Większość spośród oskarżonych miała niewiele ponad 20 lat. Wśród nich była jedna kobieta, znalazł się także radny gminy Puńsk poprzedniej kadencji.
Puńska grupa "wpadła" w sierpniu w miejscowości Majdan Lipowiecki w woj. podkarpackim, (dlatego też są sądzeni w Lubaczowie w Podkarpackiem). Straż Graniczna zatrzymała wtedy 26 Wietnamczyków oraz siedmiu organizatorów przerzutu. Dopiero w śledztwie okazało się, że zaangażowanych w przestępczą działalność jest jedenaście osób.
Mieszkańcy Puńska mieli przewieźć imigrantów w głąb kraju, do punktu, skąd Wietnamczycy mieli trafić do Holandii. Za przeprowadzenie przez "zieloną granicę" jednego człowieka grupa otrzymywała 500 dolarów. Zwykle miała do podziału ok. 10 tysięcy dolarów za jedną akcję.

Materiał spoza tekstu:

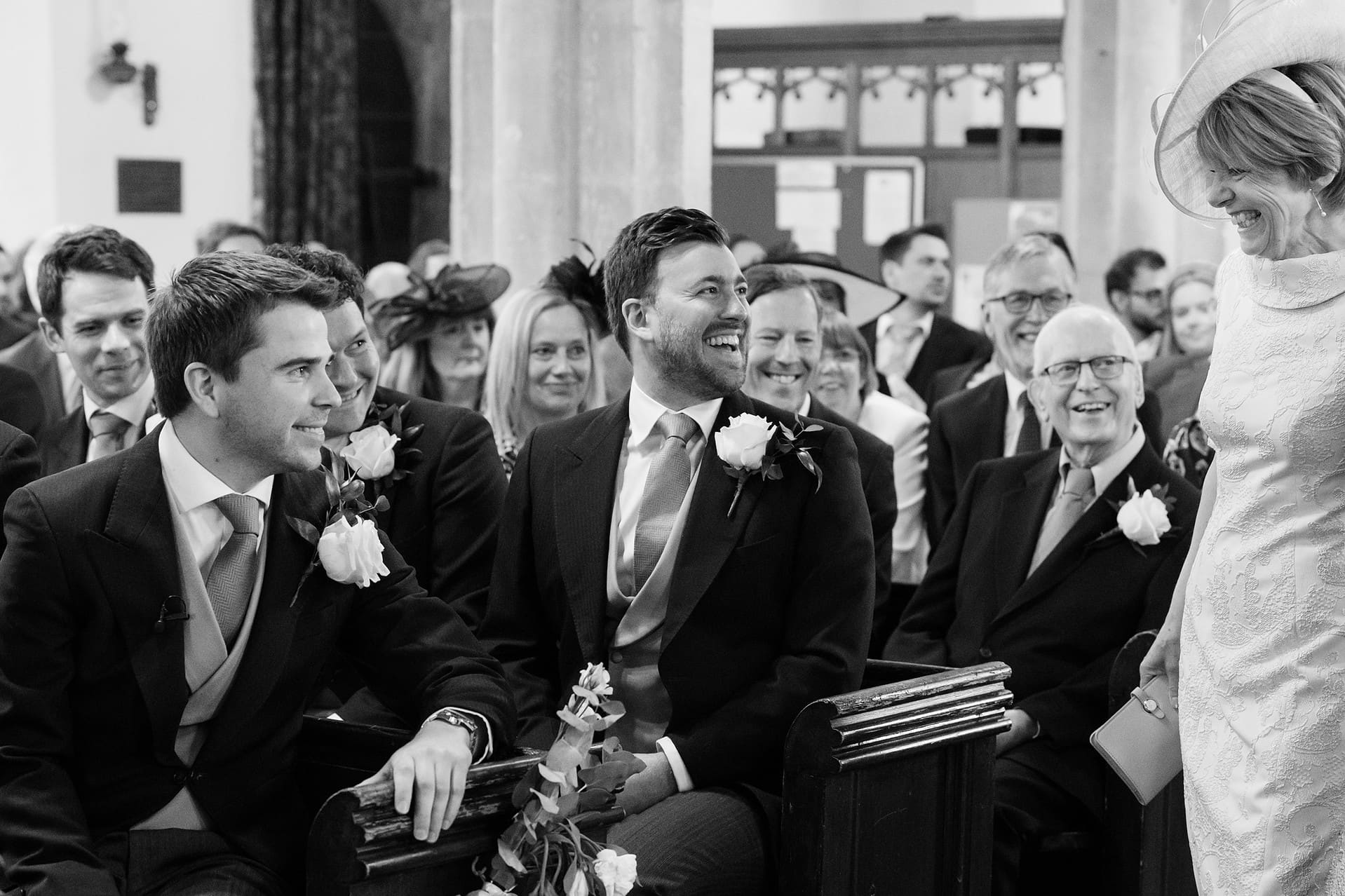 The groom and best man reacting to the bride's mum walking down the aisle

Prokuratura uważa, że grupa działała co najmniej od początku 2002 roku. Pogranicznicy wpadli na jej trop w marcu, ale nie udało się zatrzymać organizatorów przerzutu, tylko samych imigrantów. W lipcu grupie udało się przeprowadzić przez granicę dwudziestu Azjatów, ale straż graniczna zbyt późno się o tym dowiedziała.

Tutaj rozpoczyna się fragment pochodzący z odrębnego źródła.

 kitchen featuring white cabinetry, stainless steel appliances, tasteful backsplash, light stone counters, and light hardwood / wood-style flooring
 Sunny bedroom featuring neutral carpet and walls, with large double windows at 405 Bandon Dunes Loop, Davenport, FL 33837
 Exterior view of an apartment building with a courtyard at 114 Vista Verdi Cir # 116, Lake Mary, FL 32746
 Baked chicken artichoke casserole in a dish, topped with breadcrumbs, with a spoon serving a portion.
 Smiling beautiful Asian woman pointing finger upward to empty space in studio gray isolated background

Według organów ścigania, grupa z Puńska z powodu uszczelnienia granicy polsko-litewskiej przeniosła się na granicę z Ukrainą. Pięć lat temu w Puńsku została zlokalizowana strażnica, przeciwko której bardzo głośno protestowała mniejszość litewska. Straż Graniczna podkreślała, że do tego czasu głównie tamtędy przechodziła ludzka kontrabanda.